Though the book’s sentences are, in the end, page-by-page, still a preliminary, liminal wording of actual experience (which, like the desert and its jackals, is perhaps impossible to tame), the attempt itself at resurrecting the revelatory moment is phenomenal, and worthy of the greatest of Faulkner or Proust. Here, translator Nicholas de Lange deserves the reader’s highest acclaim and respect.

In English, “Preliminaries” is a work of genius, but in Hebrew it’s tenfold as stunning, almost otherworldly — not only in the immediate quality of its writing but also in the way in which such writing draws wells’ water from the past in order to cool Israel’s modern, and daily spoken, idiom. But as the only way to prove the worth of any translation — whether that between languages, or that from the historical to the personal present — is to quote, and as the only way to quote Yizhar is at length, in the breath, or breathlessness, of a sentence, what ends this appreciation is an average formulation of his that, as it preliminarily or peripherally regards Ben Yehuda’s codification of the Hebrew language itself, contains multitudes in its wise and generous calm.
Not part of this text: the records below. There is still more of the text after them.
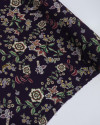 Tecido Viscose Texturizada Flores, Onças e Corujas Colorido e Roxo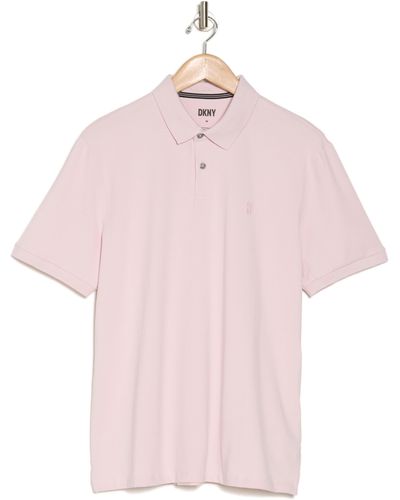 DKNY Cotton Stretch Polo - Pink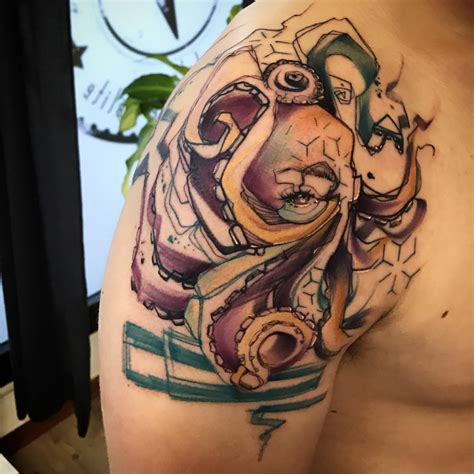 My octopus tattoo, done by the wonderful Lady Sara at Salottino Rock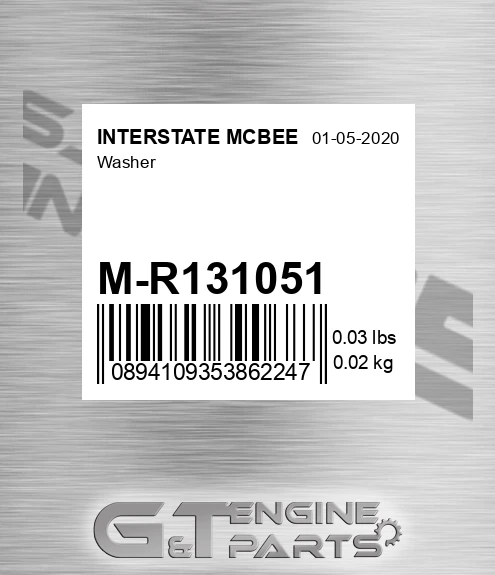 M-R131051 Washer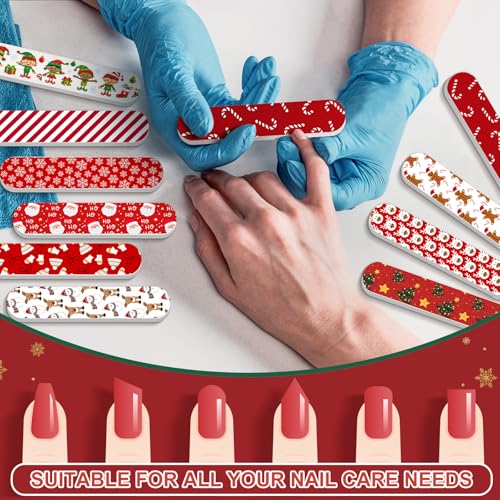 30 Pack Christmas Mini Nail Files Gifts Bulk Christmas Emery Boards - style: Classic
“But when classes are finally over, and the wonderful after-school time arrives, you can always tell them at home that they had an extra lesson, or they have been to an extra gardening class and dug in the sand, or they have been rehearsing the end-of-year play, Daniel and Belshazzar, or Jephthah and his Daughter, or Trumpeldor, in Galilee, in Tel-Hai, or that they have been putting up posters on shops saying ‘HEBREW, SPEAK HEBREW,’ or any other plausible excuse, then the whole fun-loving, long-legged gang are free to kick a rag ball around exactly as they have recently seen a team of British gunners from Sarafend play a team of British police from Jaffa right here, on this empty sandy plot of land, how they kicked a real ball between the posts their Arab had put up for them in the sand, red shirts and socks versus green ones, sinking into the deep sand that had no pretensions to be a football pitch, kicking with all their strength in the soft sand at their real, inflated ball, going all red, even the greens went red and wet with sweat and shiny with wet, surrounded, apart from their Arab, by lots of Jewish kids burning with envy and aflame with curiosity and with the little English they had calling a penalty pendel and a half-back haff-beck, and screaming gol whenever one side scored, and everything about them was so foreign, so fascinating, so magical, because there is no Maccabi or Maccabi Tel Aviv yet, or Maccabi versus Hakoach, and there is no name of a single football star yet, no brilliant player, except perhaps the brothers Asaph and Amihud who are almost heroes, only they never play with nothing players like us and they and their friends don’t play in the sand but were invited and taken in an automobile to the real pitch in Sarafend and there they had a good time, they had it easy, and they smoked English cigarettes with that aroma of theirs, and drank the bitter English drinks, and even spoke English, even as their famous father sat hidden away in his home on Gruzenberg Street for days on end compiling the great Hebrew Dictionary.”

Joshua Cohen is a literary critic for the Forward.